Hutter then runs the argument the other way, examining artistic responses to economic change. First in the “silent narratives of assertion” in merchant society in the paintings of Flemish artists Petrus Christus (Goldsmith in his Shop, 1449) and Pieter Aertsen (Meat Stall with the Holy family, 1551). Then in the painting of new consumer entertainment of Parisian artists Antoine Watteau (Shop Sign, 1720) and Édouard Manet (Bar at the Folies-Bergère, 1882). And thirdly in the intentional entanglements between high art and high commerce in, for example, Andreas Gursky’s digital photograph 99 Cent (1999) and in Takashi Murakami’s installation Vuitton Shop (2007).
These micro-sociological case studies in art history illustrate an overarching idea about the nature of the dynamics in the arts, culture, and the economy.

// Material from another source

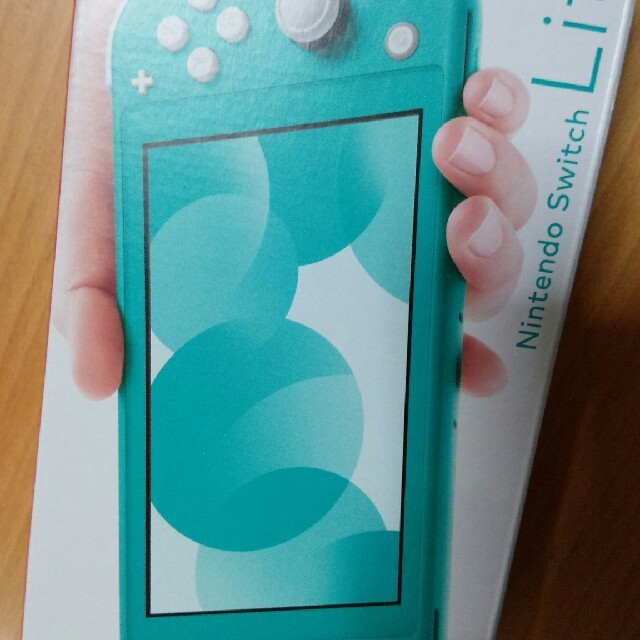 高評価安い 新品未開封 switch liteターコイズ 新品HOT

The idea is to conceive of distinct arts and economic worlds, or “plays of value” as Hutter frames it, and to propose a general theory of change that arises from the clash between these worlds. This approach fundamentally recasts the relation between arts and economy by showing them to be statically distinct, but dynamically coupled.
Consider what this implies about the dynamics of both the arts world and the economy. In the standard account, growth and change originate from within each world, from the artist and from the entrepreneur respectively. The arts world and the economy are self-contained, linked only by brokered side payments (cultural policy) to generate efficient levels of output. That understanding, in which the different worlds are distinct, is part of the modern consensus and the grand reconciliation between the cultural sector and the market economy.
But if Hutter is right, then that understanding is wrong. If dynamics in each world originate from the clashes and irritations between each world (which Hutter both theorises and extensively documents) then we may need to rethink the basic relationships between economic and cultural policy.
Yet the book isn’t about policy – a third “play of value”, in Hutter’s terms. It’s about a new type of economy that he seeks to differentiate from such policy fashionable neologisms as knowledge economy, creative industries, or experience economy.
Joyful Economy argues for us to redirect our attention away from isolated industry sectors towards the dynamics of tension and resolution, created by interactions between different “logics of worth”.
The joy in The Joyful Economy is an answer to the brilliant but pessimistic Hungarian-American economist Tibor Scitovsky, who argued that a growing consumer economy that failed to nurture ever enhanced consumer sophistication in high quality experience goods would plunge society into, as he put it in the title of his 1976 book, a Joyless Economy.
Hutter does not fault the logic of Scitovsky’s diagnosis, but finds that Scitovsky failed to understand the deeper co-evolutionary dynamics at play. That difference matters because it is from those outworkings that the Joyful Economy emerges.